29 janvier 2022, 11:42
Petites phrases anormales
J'avais - encore - été heurté par cette répartie de Macron à une personne venue lui exposer son point de vue lors d'un déplacement présidentiel il y a quelques jours : "Vous êtes très politisé, vous !"
Et de me dire que ces quelques mots, on pouvait les opposer sans autre argument à n'importe quel contradicteur (mais surtout au quidam pénible quand on est en difficulté face caméra). Comme si avoir une opinion argumentée décrédibilisait immédiatement l’individu social ordinaire. "Vous êtes un citoyen, vous ne devez pas avoir d'opinion..."
Un rêve de politicien au pouvoir : être le seul à savoir ce qu'il faut faire et que tous les autres se contentent de suivre.
Un bel article de Gee, à ce sujet : https://grisebouille.net/le-grand-public-nexiste-pas/
29 janvier 2022, 10:57
Violence chiffrée
"Cette trentenaire ne connaissait pas l’enfant qu’elle a agressé.

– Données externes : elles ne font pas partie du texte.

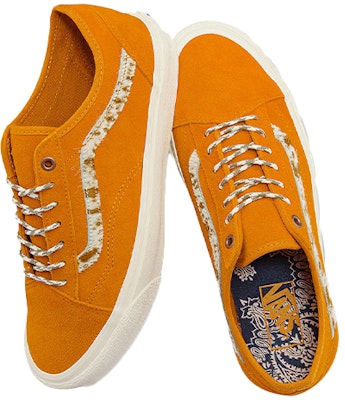 Vans Old Skool 'Jingga' VN0A54F4A48 Shop Vans Old Skool 'Jingga' VN0A54F4A48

Le petit garçon a subi l’équivalent de deux jours d’ITT." peut-on lire dans les actus de 20 minutes aujourd'hui.
Au delà de l'intérêt - déjà discutable - de cette information, ce qui m'arrête c'est ce chiffrage : "2 jours d'ITT". Cet acronyme qu'on voit systématiquement apparaître en relation avec des actes violents est celui par lequel on semble juger de sa gravité.
Est-ce qu'étrangler le même enfant pour un seul jour d'ITT aurait été moins grave ? Il semblerait que oui : 1 < 2 ! Puisqu'il faut quantifier : étrangler un adulte, c'est moins ou plus grave ? Et une grand-mère ? Et une grand-mère noire ? Un flic ?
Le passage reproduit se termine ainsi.